The leaving sweater - Ruth Nestvold:

She wore the red sweater when she boarded the plane to take her to Anchorage and from there to Seattle. She wore the red sweater when she boarded the plane in Seattle to bring her back to Rolynka for her mother's funeral. She wore the red sweater when she left the University of Washington—and the first young man who had begged her to marry him.
The leaving sweater helped her get away again. When she left, she had collected four more engagement rings but no graduate degree.
She turned her back on the University of Texas at Austin anyway; Vicky had become accustomed to leaving—and to things unfinished

Like many a small town person, Vicky is frightened at the thought of finishing high school and leaving for the big, bad world. But the alternative is to stay in town, be a waitress for the rest of her life and settle down with whatever boy happens to be handy. Luckily, mom just finished making her a sweater, a special sweater that empowers Vicky to pack up and go when things get too confining. Off into the world she goes, drifting everywhere and settling nowhere, doing everything and accomplishing nothing. As irony has it, it's in a small town that she finally puts the sweater aside.

And that's not where the story ends either, as an affirmation of conservative middle-class mom, home and apple pie values.

There's a breezy tone to the story, making it an infectious and at times light-hearted read that dominates, but does not belittle, the sombre notes struck at times.

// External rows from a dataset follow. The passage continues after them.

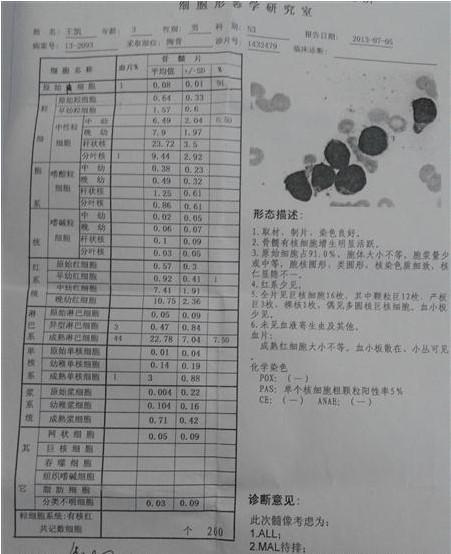 王凯的骨穿报告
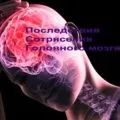 Стеноз судин головного мозку, симптоми і лікування (судин) Стеноз судин головного мозку, симптоми і лікування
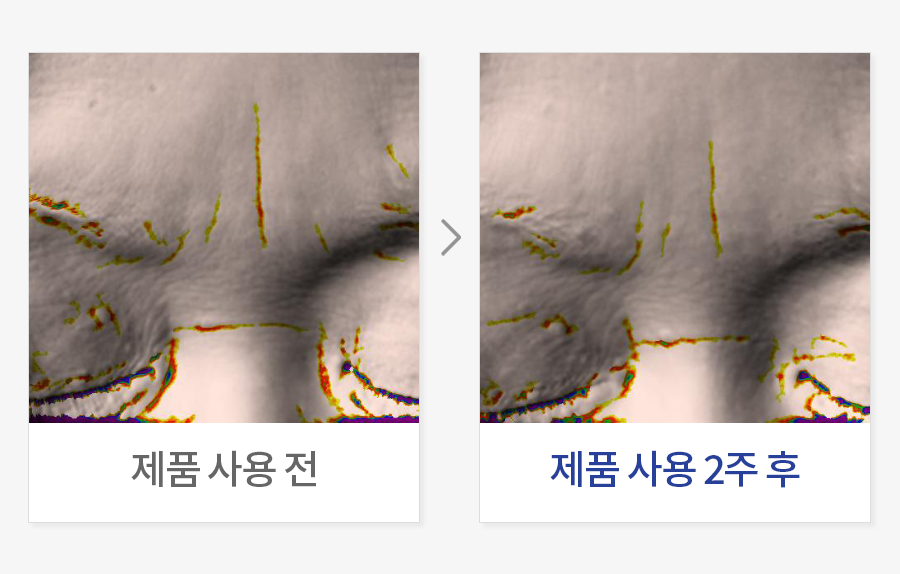 미간 주름 개선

It's mind-boggling that Fantasy, the genre of the limitless boundary and playground of the imagination, so often is content to regurgitate the same old, same old. The creation of genuine new myths, new images, new ideas, faerie tales uniquely of our times, is surprisingly rare. Fantasy seems mostly content to draw on the existing imagery and tales and re-tell, rather than create.

Nestvold has, in my opinion, created a uniquely modern faery tale here. The tug of war pull and draw between the settled life and the world, between staying on our own little patch of turf or facing the wonders and horrors of the world, are touched upon here. It's ironic that an object which says "mom" and "home" and "contented, settled comfort" is subverted to become the image of freedom and metaphor of empowerment.

Most of all, this is a story which is simply enjoyable to read, with clear, unaffected prose that sweeps you along for the ride.

If I have a nit, it's that the criticism levelled at Vicky - that she never finishes anything - is still valid at the end.
That aside, my favorite for the month.

A very enjoyable month, possibly my favorite month so far, from Strange Horizons, with Goelman and Nestvold delivering the strongest stories.